The Clockwork of Evolution
Why natural selection does not explain anything of current living beings.
If evolution is true, then both genetic variation (descent with modification) and natural selection must explain the existence of every living organism.
Evolution, if true, operates without guidance or purpose in nature like a wound-up clock without numbers. The "tick" of genetic variation and the "tock" of natural selection operate unattended like clockwork to produce all of the earth's current living things.
Tick and tock. Both are necessary for the hands of a clock to make progress through time. The endless cycle of the hands of time would come to an abrupt stop if either of the tick or tock of the nature’s clock likewise ended.
What about the clockwork progress of evolution? We are told that the two evolutionary processes of descent with modification and natural selection have operated senselessly and continuously throughout time since that first replicating life form appeared.
Tick: Genetic variation results in descent with modification of a child organism who inherits modifications.
Tock: Natural selection operates on the endless stream of modified child organisms, sorting out among the "good" genetic variations and the "bad."
You know the bad variations, don't you? Every example of natural selection offered up as evidence of evolution in nature involves bad variations inherited by unlucky organisms.
Remember the genetic variations that produced green bugs—tick—among brown bugs, such that the more visible green bugs got eaten by birds—tock? The clockwork tick-tock of evolution resulted in the brown bugs enjoying "differential reproduction," as they say, in the population of bugs.
Or the moths born in industrial England with genetic variations that made some of them light-colored—tick—such that they, also, got eaten by birds—tock? Those lucky dark-colored moths hiding on tree trunks saw their population numbers change.
And what about the giraffes that were born with short necks—tick—and starved because they could not reach leaves high in trees—tock? We are told that this is how today's giraffes got their long necks.
So much for the unlucky organisms with inherited "bad" variations. Their "tick" set them up for the "tock" of death.
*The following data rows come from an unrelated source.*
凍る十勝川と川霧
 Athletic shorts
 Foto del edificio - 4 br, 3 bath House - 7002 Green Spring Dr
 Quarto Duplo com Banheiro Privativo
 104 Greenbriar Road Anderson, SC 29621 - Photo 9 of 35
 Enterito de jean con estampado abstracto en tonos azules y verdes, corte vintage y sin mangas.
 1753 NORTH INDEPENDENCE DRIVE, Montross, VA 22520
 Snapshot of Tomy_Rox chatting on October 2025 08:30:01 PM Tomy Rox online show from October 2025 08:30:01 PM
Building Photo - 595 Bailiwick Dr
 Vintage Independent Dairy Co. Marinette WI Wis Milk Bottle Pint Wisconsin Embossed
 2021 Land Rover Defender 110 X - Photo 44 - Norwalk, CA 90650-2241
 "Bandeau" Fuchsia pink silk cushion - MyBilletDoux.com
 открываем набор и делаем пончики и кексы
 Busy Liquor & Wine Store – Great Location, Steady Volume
Tick, tock ... tick, tock ... tick, tock, . . . The clockwork of evolution proceeds without mercy or meaning as it relentlessly disposes of the those less fit to survive in favor of the the fittest.
But what about those not disposed of by the "tock" of evolution's clockwork? That is, how does nature's clockwork operate for the brown bugs, the dark-colored moths, the long-necked giraffes, and all the other lucky ones who descend with favorable variations?
Let's examine the clockwork of evolution using the only diagram from On the Origin of Species. Below, with our annotations, is how Darwin illustrated the clockwork "tick" and "tock" of his theory. Our annotations in red and our explanation derive from Darwin’s description of this "tree of life" in Chapter IV of Origin of Species.
As we look at Darwin’s diagram, the “tree” grows in time from bottom to top (as indicated by our arrow at the far right) going back 420 million years to the Silurean period. The Silurean period coincides with the existence of sea sponges, from which human beings are said to have evolved.
According to Darwin, each horizontal line in the diagram (numbered I to XIV), represents "a thousand generations; but it would have been better if each had represented ten thousand generations." Further, Darwin explains, “Let A to L represent the species of a genus large in its own country . . .” And, on the top line a14 through z14 represent current species. For illustration, we will assign "A" as our ancestral sea sponge, and “a14” as current-day human beings.
Not surprisingly, Darwin's tree of life shows what modern "phylogenetic trees" show: a continuous line of descent from early life forms, e.g., Species A, to current life forms, e.g., Species a14.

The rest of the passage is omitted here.